The answer is BCD, the velocity of the ball A is not charged, so the velocity that happens to pass through the highest point is when gravity happens to act as a centripetal force, that is, mg=mv 2 r, and the B ball is positively charged, so the velocity that happens to pass through the highest point is gravity + Lorentz force when it happens to act as a centripetal force, that is, mg+qvb=mv 2 r, the comparison of the two formulas, the velocity of the B ball is large, and b is correct; The mechanical energy from the release point to the highest point of the ring is conserved (Lorentz force does not do work), so the speed to the highest point of the ring is larger, and the falling height is larger, so the falling position of ball B is high, and c is correct; Because the mechanical energy is conserved, the mechanical energy of the three small balls all remains the same, d is correct.

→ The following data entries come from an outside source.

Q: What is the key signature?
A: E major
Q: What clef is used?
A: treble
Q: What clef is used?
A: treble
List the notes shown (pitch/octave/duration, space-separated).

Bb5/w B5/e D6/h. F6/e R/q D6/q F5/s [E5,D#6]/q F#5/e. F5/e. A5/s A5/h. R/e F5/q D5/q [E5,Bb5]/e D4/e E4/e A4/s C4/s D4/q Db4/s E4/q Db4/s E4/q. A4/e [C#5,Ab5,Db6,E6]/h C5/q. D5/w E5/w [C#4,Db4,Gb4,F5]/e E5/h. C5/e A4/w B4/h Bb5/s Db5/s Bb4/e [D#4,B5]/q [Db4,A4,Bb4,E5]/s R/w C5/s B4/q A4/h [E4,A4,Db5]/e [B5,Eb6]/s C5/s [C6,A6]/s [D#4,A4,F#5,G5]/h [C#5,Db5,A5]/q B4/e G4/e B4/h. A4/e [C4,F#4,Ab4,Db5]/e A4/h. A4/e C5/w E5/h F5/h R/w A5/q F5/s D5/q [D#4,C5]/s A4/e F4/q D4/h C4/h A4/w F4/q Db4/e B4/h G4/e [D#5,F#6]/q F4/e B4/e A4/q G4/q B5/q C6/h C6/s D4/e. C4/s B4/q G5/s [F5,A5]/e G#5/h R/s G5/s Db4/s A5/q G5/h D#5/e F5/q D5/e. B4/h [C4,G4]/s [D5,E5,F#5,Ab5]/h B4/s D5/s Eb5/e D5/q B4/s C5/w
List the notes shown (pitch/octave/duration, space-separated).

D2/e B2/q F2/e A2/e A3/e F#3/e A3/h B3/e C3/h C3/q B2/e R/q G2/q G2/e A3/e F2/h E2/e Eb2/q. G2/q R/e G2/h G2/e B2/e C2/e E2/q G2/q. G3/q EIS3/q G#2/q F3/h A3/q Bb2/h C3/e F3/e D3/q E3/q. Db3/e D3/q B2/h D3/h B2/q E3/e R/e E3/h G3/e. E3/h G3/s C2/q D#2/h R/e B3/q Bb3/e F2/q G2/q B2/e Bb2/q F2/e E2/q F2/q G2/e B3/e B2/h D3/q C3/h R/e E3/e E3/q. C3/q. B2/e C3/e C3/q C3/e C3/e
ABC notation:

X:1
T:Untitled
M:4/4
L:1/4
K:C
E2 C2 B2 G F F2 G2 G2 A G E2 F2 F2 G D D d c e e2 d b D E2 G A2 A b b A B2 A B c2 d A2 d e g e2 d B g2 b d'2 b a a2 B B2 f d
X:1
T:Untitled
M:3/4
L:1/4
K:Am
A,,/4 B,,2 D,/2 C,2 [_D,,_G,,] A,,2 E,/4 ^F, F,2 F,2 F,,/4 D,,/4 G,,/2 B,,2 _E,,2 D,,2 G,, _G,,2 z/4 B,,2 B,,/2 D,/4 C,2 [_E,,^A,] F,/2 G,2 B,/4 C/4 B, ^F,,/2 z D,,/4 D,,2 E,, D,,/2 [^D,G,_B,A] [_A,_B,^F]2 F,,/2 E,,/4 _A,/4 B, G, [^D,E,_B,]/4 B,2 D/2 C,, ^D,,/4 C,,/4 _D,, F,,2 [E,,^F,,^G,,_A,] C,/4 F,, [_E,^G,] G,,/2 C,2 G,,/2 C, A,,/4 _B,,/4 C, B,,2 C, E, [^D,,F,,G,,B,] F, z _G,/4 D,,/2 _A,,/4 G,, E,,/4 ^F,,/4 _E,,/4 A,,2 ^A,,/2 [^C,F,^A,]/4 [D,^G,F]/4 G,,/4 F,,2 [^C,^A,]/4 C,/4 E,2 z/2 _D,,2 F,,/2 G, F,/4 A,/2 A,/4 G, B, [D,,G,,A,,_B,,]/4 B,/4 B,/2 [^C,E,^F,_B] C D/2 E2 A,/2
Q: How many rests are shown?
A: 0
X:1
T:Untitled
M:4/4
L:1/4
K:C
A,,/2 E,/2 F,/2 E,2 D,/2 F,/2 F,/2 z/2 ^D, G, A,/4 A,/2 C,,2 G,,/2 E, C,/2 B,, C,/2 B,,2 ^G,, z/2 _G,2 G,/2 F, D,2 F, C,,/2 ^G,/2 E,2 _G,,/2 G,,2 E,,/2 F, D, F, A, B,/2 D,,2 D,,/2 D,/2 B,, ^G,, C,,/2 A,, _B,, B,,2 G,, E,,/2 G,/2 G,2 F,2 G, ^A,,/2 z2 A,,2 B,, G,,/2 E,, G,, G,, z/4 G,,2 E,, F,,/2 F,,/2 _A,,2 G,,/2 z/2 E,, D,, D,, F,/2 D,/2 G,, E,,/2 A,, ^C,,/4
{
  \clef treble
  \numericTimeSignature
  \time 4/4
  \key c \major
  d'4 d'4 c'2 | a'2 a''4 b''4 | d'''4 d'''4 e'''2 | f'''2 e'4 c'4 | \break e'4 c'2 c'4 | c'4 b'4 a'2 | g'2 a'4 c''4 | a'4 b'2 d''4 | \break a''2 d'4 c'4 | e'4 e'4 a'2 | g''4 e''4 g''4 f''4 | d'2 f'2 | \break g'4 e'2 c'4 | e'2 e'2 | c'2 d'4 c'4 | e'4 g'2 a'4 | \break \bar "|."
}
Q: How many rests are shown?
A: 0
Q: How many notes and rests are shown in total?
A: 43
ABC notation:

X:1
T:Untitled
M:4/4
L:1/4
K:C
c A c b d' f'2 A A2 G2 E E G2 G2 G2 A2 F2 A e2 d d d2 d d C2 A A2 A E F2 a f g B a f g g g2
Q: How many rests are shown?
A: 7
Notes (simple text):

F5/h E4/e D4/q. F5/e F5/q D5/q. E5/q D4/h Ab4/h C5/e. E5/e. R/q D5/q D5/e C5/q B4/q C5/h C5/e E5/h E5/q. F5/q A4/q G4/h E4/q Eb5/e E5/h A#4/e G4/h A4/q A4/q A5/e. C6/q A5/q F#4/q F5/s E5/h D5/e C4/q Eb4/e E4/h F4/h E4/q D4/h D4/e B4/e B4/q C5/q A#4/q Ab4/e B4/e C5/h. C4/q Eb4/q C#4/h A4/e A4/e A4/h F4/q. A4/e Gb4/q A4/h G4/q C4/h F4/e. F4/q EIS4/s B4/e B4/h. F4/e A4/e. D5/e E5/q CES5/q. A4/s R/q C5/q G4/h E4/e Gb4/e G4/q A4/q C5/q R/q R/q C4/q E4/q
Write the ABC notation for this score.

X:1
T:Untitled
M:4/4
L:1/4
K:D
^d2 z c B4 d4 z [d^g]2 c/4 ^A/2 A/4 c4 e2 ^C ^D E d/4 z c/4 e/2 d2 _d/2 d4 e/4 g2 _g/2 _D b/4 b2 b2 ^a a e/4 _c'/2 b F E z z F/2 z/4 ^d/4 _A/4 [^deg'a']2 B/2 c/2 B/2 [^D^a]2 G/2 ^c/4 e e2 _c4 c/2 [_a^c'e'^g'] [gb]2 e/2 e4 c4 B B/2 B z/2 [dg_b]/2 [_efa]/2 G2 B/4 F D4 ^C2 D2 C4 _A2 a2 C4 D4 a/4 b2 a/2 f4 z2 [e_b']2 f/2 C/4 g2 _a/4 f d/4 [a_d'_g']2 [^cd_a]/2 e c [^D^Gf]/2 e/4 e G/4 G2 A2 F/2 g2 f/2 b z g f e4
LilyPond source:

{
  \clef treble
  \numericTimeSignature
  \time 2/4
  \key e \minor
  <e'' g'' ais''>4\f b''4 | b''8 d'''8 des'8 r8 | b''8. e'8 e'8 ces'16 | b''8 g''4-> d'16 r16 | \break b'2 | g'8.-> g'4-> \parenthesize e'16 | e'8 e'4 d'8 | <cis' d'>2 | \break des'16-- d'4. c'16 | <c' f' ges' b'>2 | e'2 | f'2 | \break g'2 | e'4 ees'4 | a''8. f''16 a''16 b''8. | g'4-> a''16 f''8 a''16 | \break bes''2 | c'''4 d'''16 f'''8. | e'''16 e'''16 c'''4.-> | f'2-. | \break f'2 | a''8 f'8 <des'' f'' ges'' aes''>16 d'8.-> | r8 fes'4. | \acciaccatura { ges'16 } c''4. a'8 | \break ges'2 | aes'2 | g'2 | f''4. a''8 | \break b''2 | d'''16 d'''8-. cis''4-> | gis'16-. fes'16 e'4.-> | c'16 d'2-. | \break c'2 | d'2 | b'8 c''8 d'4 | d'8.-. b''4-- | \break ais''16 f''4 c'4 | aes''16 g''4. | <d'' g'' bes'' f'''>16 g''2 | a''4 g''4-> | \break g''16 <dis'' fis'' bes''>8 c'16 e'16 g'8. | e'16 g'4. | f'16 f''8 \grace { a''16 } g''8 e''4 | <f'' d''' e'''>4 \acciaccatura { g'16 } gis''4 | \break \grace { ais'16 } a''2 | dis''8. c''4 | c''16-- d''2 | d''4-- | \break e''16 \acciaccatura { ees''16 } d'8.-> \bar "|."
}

The key to this problem is that when the highest point is just past the highest point, the force of the two balls is different, and the charged ball is subject to the Lorentz force, so the velocity is not the same, and the answer can be obtained by combining the conservation of energy or kinetic energy theorem.

First of all, when the block is placed in the electric field, it will be subjected to the electric field force qe=ma, and you can know that the acceleration of the object bridge block is a=qexm When the block moves, it will be subjected to the Lorentz force, and when the Lorentz force is equal to the gravity of the block, the block will leave the ground f Lo = g, qvb = mg, you can find that when the block leaves the ground, the velocity is v=mgxqb and then you chun can find vt 2-vo 2=2as, (mgxqb) 2=(2qexm)*s S=(m 3g 2)x(2q 3b 2e) can be found

From point O, the paper surface is shot into the square at a speed perpendicular to the CD edge, and the elapsed time t0 is just right out of the magnetic field from point C.

This known condition can be obtained with period t=2to (the central angle of the trajectory is ) This is understood?

If the incident and exit are at the same boundary of the magnetic field, then the angle of incidence and the angle of exit are equal (the angle between the chord) and the direction of velocity are deflected by 360°-60°, so the central angle of the circle is 300°

t=300°t/360°=5t/6=5to/3

t0 is the time taken to turn 180 degrees.

t=(2*pi*m) (q*b), independent of velocity, so the period is constant, so the magnitude of time and velocity in the magnetic field is irrelevant, while the direction is determined.

The time in the magnetic field illustrates the magnitude of the central angle corresponding to the trajectory, and it is not necessary to consider it according to the order in which the velocity changes from small to large and the radius from small to large.

The center of the circle is on the red line segment, and the angle of the center of the circle is always 300 degrees, which is shot out from the CD, and the corresponding time is 300 180*T0=5 3*to

The center of the circle is on the orange line segment, the angle of the center of the circle is from 180 degrees to 300 degrees, and it is shot from BC, and the corresponding time is t0 to 5 3*t0

The center of the circle is on the green line segment (very short on the figure), the angle of the center of the circle is from (120 degrees + gef) to 180 degrees, from BC, and the corresponding time is from T1 to T0, T1>2 3*T0

The orange and green parts can be considered together, from BC to ejection, the time is from T1 to 5 3*T0, T1 >2 3*T0).

The center of the circle is on the light blue line segment, the angle of the center of the circle is from 60 degrees to 120 degrees + gef, and it is shot out from AB, and the corresponding time is from 1 5 * T0 to T1

The center of the circle is on the pink ray, the center of the circle is from 0 degrees to 60 degrees, and it shoots out from AD, corresponding to the time from 0 to 1 3*t0 (t=0 corresponds to infinite velocity).